Aparentemente os fatores que compõem o cenário geopolítico da região
atravessam aquelas fronteiras e vêem influindo nas decisões e impedindo povos
que são primos e que viveram juntos ao longo dos séculos em harmonia agora se
enfrentem como inimigos irreconciliáveis. Como este cenário é parte de um
mosaico maior freqüentemente ouvimos manifestações para que as Nações Unidas
intervenham para encontrar de fora para dentro os instrumentos capazes de
compor os interesses em conflito. Isto não significa que razões graves
internas, não deflagrem os conflitos que conhecemos, mas certamente não é
desprezível a necessidade de influir na região que detém 70 % das reservas de
petróleo do mundo.
Os fundamentalistas de ambos os lados encontram na religião na
política local na luta por espaço e na necessidade de dominação estratégica as
razões para preconizar a mútua eliminação através da total expulsão e
extermínio dos territórios considerados santos. Mas é preciso lembrar que
freqüentemente as verdadeiras razões não apresentadas não são necessariamente
nem as dos judeus nem as dos palestinos (5).

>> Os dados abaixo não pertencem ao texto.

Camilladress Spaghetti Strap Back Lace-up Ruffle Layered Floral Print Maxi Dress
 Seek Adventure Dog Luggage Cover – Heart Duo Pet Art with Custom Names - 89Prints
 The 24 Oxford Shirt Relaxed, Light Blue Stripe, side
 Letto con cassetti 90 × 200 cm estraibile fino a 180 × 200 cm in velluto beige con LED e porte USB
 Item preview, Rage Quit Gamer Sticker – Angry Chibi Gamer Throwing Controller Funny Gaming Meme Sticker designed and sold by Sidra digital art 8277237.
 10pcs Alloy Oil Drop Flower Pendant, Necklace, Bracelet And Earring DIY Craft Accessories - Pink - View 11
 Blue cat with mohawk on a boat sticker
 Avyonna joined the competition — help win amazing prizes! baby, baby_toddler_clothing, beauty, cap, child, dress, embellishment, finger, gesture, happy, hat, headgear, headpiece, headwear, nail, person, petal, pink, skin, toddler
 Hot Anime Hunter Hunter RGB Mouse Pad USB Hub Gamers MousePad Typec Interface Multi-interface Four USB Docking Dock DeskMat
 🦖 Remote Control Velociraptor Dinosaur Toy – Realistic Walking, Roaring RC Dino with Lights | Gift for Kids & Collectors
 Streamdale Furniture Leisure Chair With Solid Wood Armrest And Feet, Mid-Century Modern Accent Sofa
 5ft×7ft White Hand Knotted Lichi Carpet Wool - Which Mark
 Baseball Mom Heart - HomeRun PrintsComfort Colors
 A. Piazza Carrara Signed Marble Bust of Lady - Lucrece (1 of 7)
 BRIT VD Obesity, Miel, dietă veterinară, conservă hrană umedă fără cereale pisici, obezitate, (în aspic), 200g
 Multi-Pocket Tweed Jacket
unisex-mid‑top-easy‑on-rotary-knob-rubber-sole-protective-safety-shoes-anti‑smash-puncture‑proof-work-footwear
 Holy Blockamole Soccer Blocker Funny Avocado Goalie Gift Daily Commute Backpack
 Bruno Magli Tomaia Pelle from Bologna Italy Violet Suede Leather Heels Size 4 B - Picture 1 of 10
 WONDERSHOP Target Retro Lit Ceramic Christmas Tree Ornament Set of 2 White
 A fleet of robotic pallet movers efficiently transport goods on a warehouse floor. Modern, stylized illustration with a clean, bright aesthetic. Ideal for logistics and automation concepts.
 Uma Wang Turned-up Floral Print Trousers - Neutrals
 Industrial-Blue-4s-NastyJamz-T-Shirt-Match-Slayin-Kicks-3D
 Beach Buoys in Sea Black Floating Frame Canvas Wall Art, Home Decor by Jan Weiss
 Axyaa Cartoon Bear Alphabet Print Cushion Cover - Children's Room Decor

Mas neste teatro horrores em que vai se transformando o berço da cultura e da civilização e dos valores éticos e morais que o mundo ocidental conhece, onde cada um se acha no direito a vingar-se de sua tragédia pessoal às coisas vão escapando do controle. Como em todo o conflito, interno, as vítimas que nos causam maior indignação são da população civil, cujo drama assistimos através dos meios de comunicação. São os inocentes de ambos os lados, crianças, velhos, mulheres todos quase sempre sem uniformes.
Pode, perfeitamente possuir um papel relevante o fato de que sendo
fundamental o controle do petróleo na região e perfeitamente presumível que
este século deve ser o da mudança de matriz energética seja pela poluição
oriunda do CO2, ou seja, pelo conhecido esgotamento das reservas conhecidas.
Tudo leva a crer que, na atual circunstância, nem Israel nem os palestinos
possuem condições para por cobro a escalada de violência. Os EUA, evidentemente
não possuem a neutralidade necessária para gerir uma negociação o que já foi
tentada de várias maneiras.
Resta á ONU a possibilidade de fazer uma intervenção militar externa
que em nome da comunidade mundial teria a necessária isenção para uma tarefa de
tal magnitude. Enquanto isto não acontece resta buscar nos exemplo dos
ancestrais a sabedoria necessária para encontrar o caminho da paz que já
viveram e merecem viver.
Notas:
1 - MISHNAH (em hebraico
significa repetir, repetição da tradição). O talmud produziu acontecimentos
significativos na religião judaica. Cada uma das três divisões maiores dessa
obra a Mecha (o código das leis orais), A Guevara (comentário e elaboração de
textos da Mecha) e o Medira (exposição e interpretação popular da Bíblia em
forma de sermão). Tornou-se o repositório dos esforços judaicos coletivos
visando a uma filosofia mais harmoniosa. (Conhecimento judaico Editor Tradição,
Rio de Janeiro 1967).
2 - Maomé ou Mohamed, profeta
do Islã, Meca 570-632 Maomé dá às raízes puramente árabes a organização
cultural e litúrgica. Hachette Dictionaire, Paris, 1992.
3 - ALCORÃO (Do Árabe.
Al-qurãn, a leitura por excelência. Livro sagrado do Islamismo, Dicionário
Aurélio, Editora Nova Fronteira).
4 - EMILE Dermenghem MAHOMET et la
tradition islamique, Maitres spirituels, aux editions du seuil, 1957, pp.
87-88.
5 - Apud artigo da folha de São
Paulo de 20 de maio 2002, SINGER Paul é professor da Faculdade de Economia e
Administração da USP e pesquisador do Cebrap.
Resumo:
Em vista da nova
situação mundial, este paper propõe-se a
examinar as conseqüências da crise no Oriente Médio e os caminhos que os mais
experientes indicaram. Trata do tempo no qual as pessoas daquela região podiam
viver numa paz que eles certamente merecem viver.
Abstract:
In
view of the new world situation this work aims to examine the consequences of
the actual Middle East crisis and the path their elders pointed out long ago.
It’s about a time when people on that region could live in peace and they sure
should.
Palavras-chave:
Oriente Médio, política internacional, conflito, ONU, petróleo.